Synergistic inversion of maize leaf chlorophyll using multi-source remote sensing data
摘要
Chlorophyll is a key indicator of crop photosynthetic activity and nitrogen nutritional status, and rapid, accurate monitoring of its temporal dynamics is crucial for implementing precision agricultural management. In this study, we propose an integrated “air–space–ground” remote sensing framework that combines in situ SPAD measurements, unmanned aerial vehicle (UAV) multispectral imagery, and Sentinel-2 A satellite data. A ratio–mean–based radiometric normalization is employed to mitigate spectral discrepancies among platforms and thereby enable accurate retrieval of maize leaf chlorophyll content at the regional scale.

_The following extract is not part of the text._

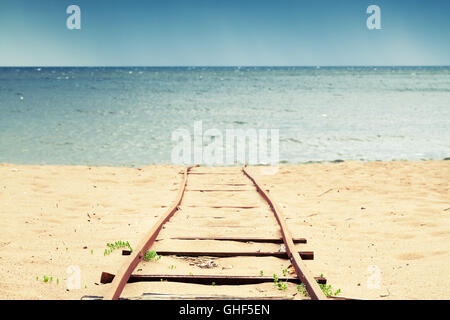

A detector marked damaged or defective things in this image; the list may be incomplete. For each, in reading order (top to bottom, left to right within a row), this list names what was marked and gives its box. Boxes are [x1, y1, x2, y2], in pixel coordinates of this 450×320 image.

Ground-based SPAD measurements and UAV multispectral imagery are first used to develop a suite of chlorophyll retrieval models and to identify the optimal model, which is subsequently transferred to the radiometrically corrected Sentinel-2 A imagery to derive spatially explicit chlorophyll maps over the maize-growing areas of Minle County. The results indicate that (1) partial least squares regression (PLSR) achieved the best performance in predicting SPAD values (R² = 0.677–0.756), outperforming random forest regression (RFR) and backpropagation neural networks (BPNN); (2) UAV imagery and Sentinel-2 A imagery exhibited strong correlations, and the chlorophyll retrieval accuracy based on Sentinel-2 A data was substantially improved after radiometric normalization for the same dates (R² increased from 0.469 to 0.756); and (3) the red-edge bands (720–750 nm) provided unique sensitivity to changes in crop chlorophyll concentration. This study provides scientific support and a robust data foundation for implementing variable-rate fertigation and precision irrigation strategies.